Strano riscoprire vecchi dischi, magari sotterrati da fiumi di polvere e magari ammaccati dal tempo. E' strano perchè a volte ci si dimentica di quanto di buono veramente c'è stato nella musica italiana, e non parlo certo dell'attualità, ma di un passato che ormai sembra preistoria. Non posso certo ricordare io, che appena venti anni fa nascevo, ma scoprendo quell'infinito mondo di soluzioni musicali che l'Italia ci ha regalato non posso rimanere indifferente. E rimango stupito come quelle proposte musicali sono rimaste nascoste e sconosciute a molti.
Questo disco è un esempio dell'ispirazione che alimentava gli anni 70. Siamo in pieno boom progressive rock e gruppi come Genesis, King Crimson all'estero e PFM in Italia, imperversano le scene. Ma oscurata dalle opere dei gruppi padri, nasceva questa operetta sicuramente buona dalla mente di 6 buoni musicisti: Sandro Cesarini (fiati), Paolo Damiani (basso), Rino Sangiorgio (batteria), Sandro Centofanti (tastiere), Luigi Calabrò (seconda chitarra) e udite udite Richard Benson (prima chitarra).
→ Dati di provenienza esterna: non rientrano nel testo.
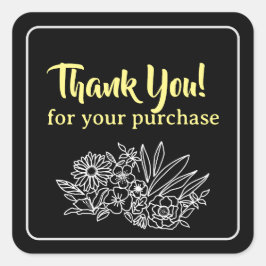 スモールビジネスフラワーありがとうございました スクエアシール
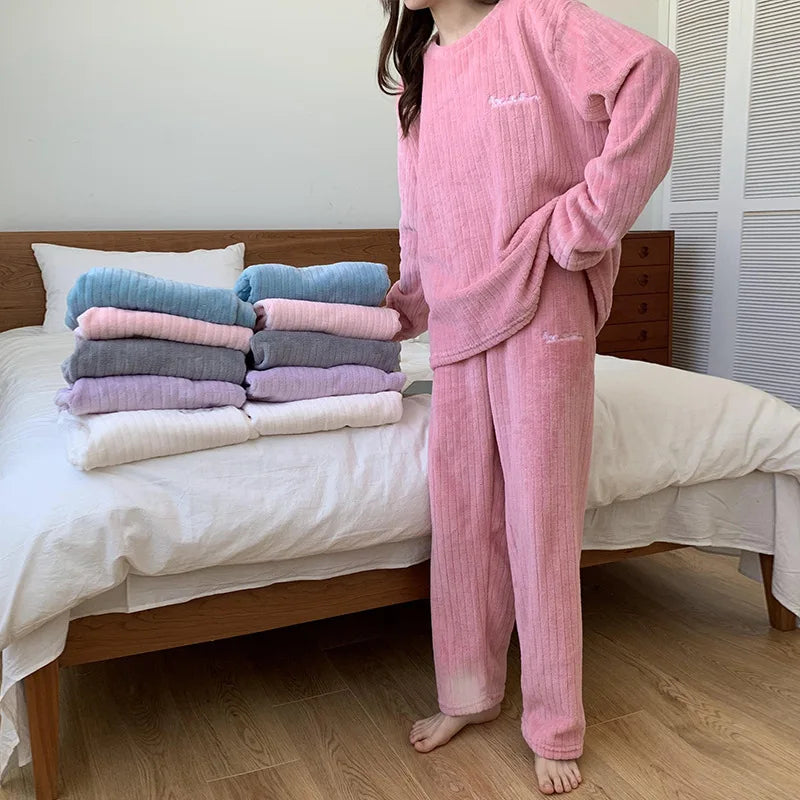 Pyjama Femme Hiver Doux et Confortable avec Manches Longues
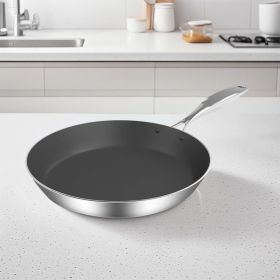 SOGA Stainless Steel Fry Pan 34cm Frying Pan Induction FryPan Non Stick Interior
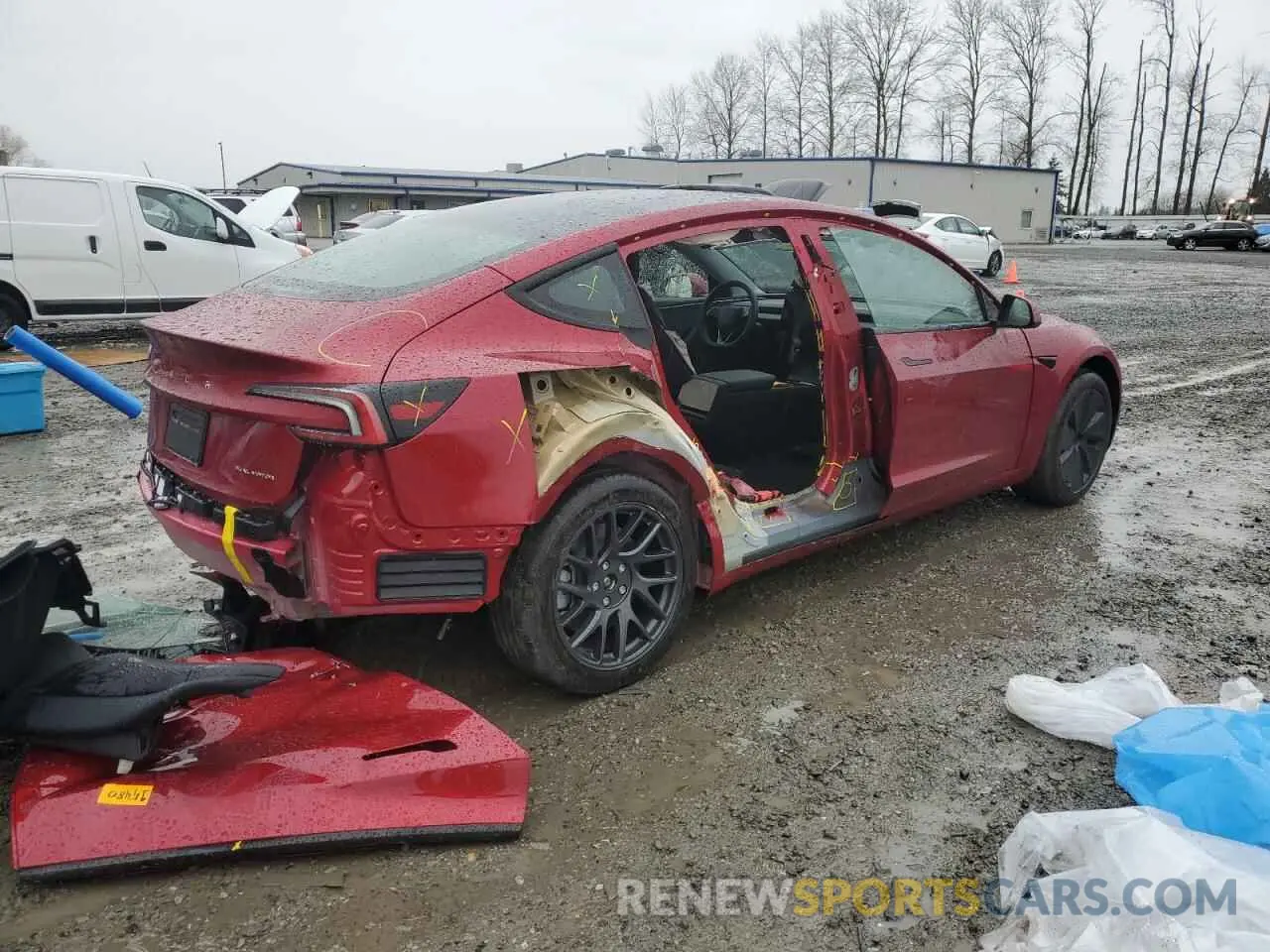 3 fotografías del automóvil dañado 5YJ3E1EB8RF843733 TESLA MODEL 3 2024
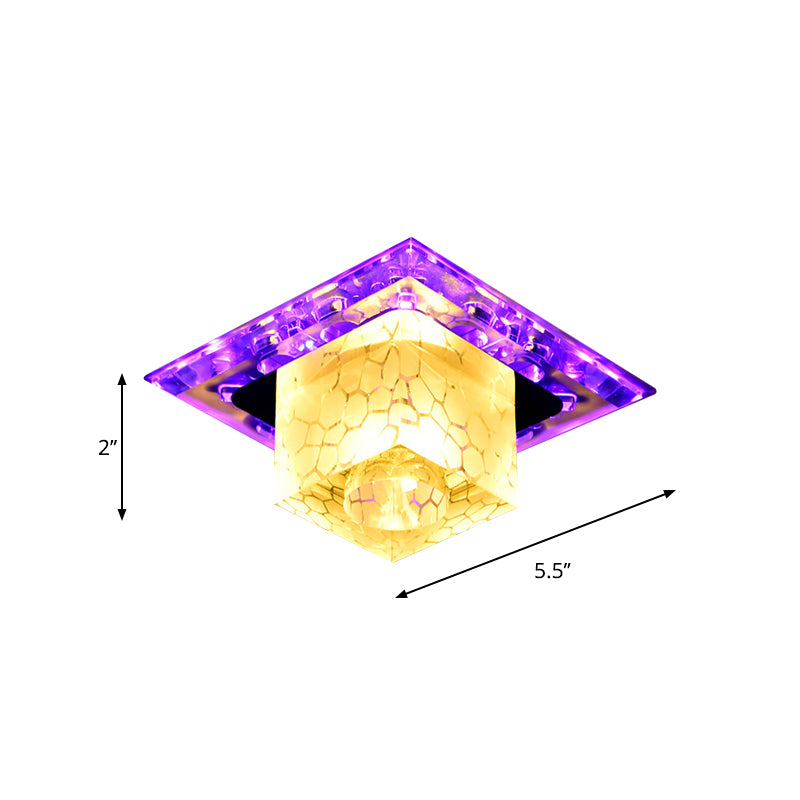 Cubic Shaped Flush Light Fixture Contemporary Crystal LED Chrome Close to Ceiling Lamp for Corridor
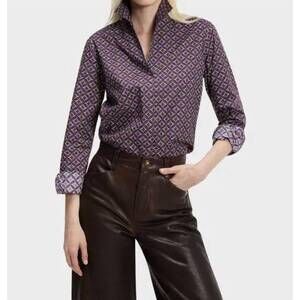NEW SARAH ALEXANDRA four seasons shirt in purple multi geo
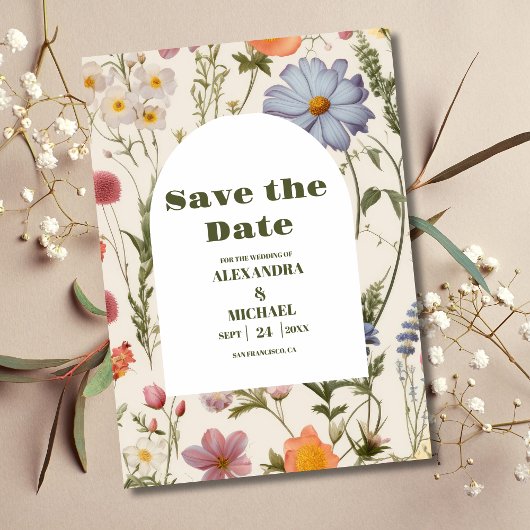 Boho Wildflower Botanische bruiloft Save The Date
Il disco venne registrato nel 1972 ma publicato solo nel 1990 con un nuovo artwork. Ed è peccato poichè non avrebbe sfigurato tra le opere dei gruppi maggiori del progressive di quegli anni.
La versione che recensisco è la ristampa del 1999 con 2 bonus track: "Rosa" e "Il guardiano della valle". La prima è una dolce ballad che comunque ricama gli stilemi progressive di quegli anni: piacevole intro con pianoforte e il solo finale. E' riconoscibilissima la chitarra di Benson che a quanto pare negli anni è rimasta intatta nello stile. La seconda invece è un ottimo brano acustico: allegro, dalla cadenza quasi divertente. Ma il vero disco si apre con la suite (obbligatoria per un gruppo progressive) "Venite giù al fiume". Riprende originalmente iol tema di Peer Gynt, di Grieg, ma presto cade dolcemente nella sezione strumentale. Affascinante basta a descrivere le atmosfere create dalla voce sostenuta dall'acustica di Benson, ma è impossibile anche non restare colpiti dall'ottimo lavoro ai fiati e alle tastiere. Si riparte quindi con l'incedere quasi country di "Evviva la contea di Lane". Le atmosfere della PFM sono vive, ma è pregevole il lavoro in questo brano: aperture imprevedibili e continui cambi di atmosfere rendono il brano inimitabile. Continua il lavoro con la seconda suite: "all'uomo che raccoglie cartopni" è rara nella sua complessità e bellezza. 7 minuti di pura complessità precedono la voce sofferta per poi ricadere nell'affannosità e nella rincorsa agli strumenti che mai si è rivelata così azzeccata.
Egregio lavoro. Riscoperto tardi e all'epoca sottavalutato, va ad aggiungersi all'eccellenza del progressive di quegli anni. Non gode dell'ottima produzione dei gruppi più blasonati, ma vive di una propria personalità e, forse per quella sua tardiva scoperta, vive di una giovinezza e di una freschezza che non immaginavo.